While existing structures present an excellent opportunity for energy savings, it has been established that thermal upgrades to masonry buildings by interior insulation significantly increase the risk of freeze-thaw deterioration of the bricks. Before implementing such retrofits, it is important to understand the risk of damage to the masonry envelope. The critical saturation approach has been proposed as a method for conducting a risk assessment of the freeze-thaw resistance of in-service brick masonry. In order to produce valuable insights, any hygrothermal simulation and analysis relies on the input of accurate material and hygric properties and the outputs must be compared to well established targets. Therefore, it is of interest to verify the reproducibility of the experimental measurements of such properties. Factors such as operator, equipment, and procedural differences can produce deviations in measurements obtained from different laboratories. The critical degree of saturation is the principal metric in this risk assessment framework and is determined by an experimental methodology called frost dilatometry. As the critical degree of saturation is used as the threshold for risk in this limit state design process, it is important to understand the precision of this measured value.
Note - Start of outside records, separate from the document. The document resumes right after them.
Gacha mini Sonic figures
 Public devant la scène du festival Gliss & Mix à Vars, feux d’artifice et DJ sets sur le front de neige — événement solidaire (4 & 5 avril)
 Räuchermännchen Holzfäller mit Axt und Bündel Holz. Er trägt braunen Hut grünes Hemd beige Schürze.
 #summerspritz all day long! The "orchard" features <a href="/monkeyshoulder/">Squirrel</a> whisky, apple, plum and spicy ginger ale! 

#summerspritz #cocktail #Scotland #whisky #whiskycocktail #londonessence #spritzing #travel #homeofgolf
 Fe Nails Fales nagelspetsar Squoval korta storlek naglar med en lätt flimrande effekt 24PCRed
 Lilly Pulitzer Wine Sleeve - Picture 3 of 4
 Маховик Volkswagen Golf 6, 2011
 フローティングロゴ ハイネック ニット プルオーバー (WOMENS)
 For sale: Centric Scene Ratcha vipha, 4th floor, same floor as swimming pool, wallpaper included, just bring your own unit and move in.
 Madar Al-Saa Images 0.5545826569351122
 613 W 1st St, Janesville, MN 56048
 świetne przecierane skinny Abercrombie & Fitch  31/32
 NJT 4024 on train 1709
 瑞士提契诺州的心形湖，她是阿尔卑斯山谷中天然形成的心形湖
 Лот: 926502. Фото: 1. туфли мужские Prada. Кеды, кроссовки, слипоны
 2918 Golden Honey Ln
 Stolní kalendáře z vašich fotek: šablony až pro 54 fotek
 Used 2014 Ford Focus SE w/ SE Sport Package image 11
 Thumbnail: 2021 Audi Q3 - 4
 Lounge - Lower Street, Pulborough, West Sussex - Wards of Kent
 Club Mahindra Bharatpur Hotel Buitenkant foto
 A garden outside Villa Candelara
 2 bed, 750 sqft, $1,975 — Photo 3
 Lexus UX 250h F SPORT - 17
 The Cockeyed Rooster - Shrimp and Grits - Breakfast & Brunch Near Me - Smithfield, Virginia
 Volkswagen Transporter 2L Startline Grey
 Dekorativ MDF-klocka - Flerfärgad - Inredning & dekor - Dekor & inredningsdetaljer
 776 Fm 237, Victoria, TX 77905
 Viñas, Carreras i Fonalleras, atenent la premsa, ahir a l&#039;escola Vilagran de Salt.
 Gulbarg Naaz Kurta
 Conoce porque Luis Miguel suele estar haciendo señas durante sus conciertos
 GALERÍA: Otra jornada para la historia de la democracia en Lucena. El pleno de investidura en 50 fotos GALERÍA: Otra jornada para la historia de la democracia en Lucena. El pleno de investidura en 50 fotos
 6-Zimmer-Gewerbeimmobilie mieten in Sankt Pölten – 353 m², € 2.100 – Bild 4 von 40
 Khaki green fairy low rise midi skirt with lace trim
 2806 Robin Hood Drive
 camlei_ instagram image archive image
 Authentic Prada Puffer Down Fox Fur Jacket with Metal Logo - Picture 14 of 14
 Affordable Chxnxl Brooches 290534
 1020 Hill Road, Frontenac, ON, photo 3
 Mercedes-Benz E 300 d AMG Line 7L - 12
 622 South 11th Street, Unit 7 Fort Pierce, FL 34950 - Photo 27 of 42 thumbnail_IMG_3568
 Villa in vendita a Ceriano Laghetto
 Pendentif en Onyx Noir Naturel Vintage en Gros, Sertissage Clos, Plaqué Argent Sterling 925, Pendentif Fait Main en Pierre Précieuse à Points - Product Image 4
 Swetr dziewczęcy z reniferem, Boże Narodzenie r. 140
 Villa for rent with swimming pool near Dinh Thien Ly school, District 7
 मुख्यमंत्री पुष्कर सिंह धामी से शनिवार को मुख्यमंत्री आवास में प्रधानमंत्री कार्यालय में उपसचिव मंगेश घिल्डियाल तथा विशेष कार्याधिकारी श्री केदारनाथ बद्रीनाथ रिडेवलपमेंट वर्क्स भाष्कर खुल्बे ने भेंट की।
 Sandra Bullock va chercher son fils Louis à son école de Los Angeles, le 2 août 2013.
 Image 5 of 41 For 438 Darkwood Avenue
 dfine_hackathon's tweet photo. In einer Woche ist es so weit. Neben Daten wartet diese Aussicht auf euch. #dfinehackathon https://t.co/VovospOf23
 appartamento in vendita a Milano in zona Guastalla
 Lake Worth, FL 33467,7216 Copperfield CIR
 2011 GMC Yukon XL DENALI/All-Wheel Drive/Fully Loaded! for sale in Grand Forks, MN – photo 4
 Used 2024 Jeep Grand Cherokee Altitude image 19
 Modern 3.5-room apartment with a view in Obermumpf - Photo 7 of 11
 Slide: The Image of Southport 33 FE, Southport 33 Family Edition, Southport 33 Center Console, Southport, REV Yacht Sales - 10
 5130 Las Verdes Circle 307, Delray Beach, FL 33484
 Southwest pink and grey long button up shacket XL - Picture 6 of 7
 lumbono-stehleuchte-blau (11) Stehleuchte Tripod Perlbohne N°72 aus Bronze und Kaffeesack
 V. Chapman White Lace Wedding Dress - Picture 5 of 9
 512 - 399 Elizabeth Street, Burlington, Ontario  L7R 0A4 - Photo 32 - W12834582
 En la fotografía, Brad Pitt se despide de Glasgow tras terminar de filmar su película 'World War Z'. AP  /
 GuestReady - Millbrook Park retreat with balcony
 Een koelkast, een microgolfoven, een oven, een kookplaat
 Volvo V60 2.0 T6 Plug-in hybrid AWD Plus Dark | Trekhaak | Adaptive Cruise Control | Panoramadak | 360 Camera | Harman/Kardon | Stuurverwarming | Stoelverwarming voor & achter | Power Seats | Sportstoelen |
Frost dilatometry measurements were conducted at two different laboratories to examine the reproducibility of the critical saturation measurements for 30 brick samples. Dilation measurements are determined with an uncertainty of 50 microstrain. The data analysis methods are examined as a source of discrepancies between lab measurements. Procedural challenges and differences, such as specimen dimensions and number of freeze-thaw cycles, are examined. The saturated moisture content is determined by vacuum saturation. While the results between the two laboratories are generally in agreement, it is a source of error in comparisons of the critical saturation between labs. Correcting for differences in saturated moisture content, it was found that the measurement of the critical degree of saturation are in good agreement. The critical degree of saturation differs by 1-3% when expressed as a ratio of water content to the dry weight of the material indicating the reliability of critical degree of saturation measurements. While differences between the laboratories were small, the uncertainty of the critical degree saturation for both laboratories was large.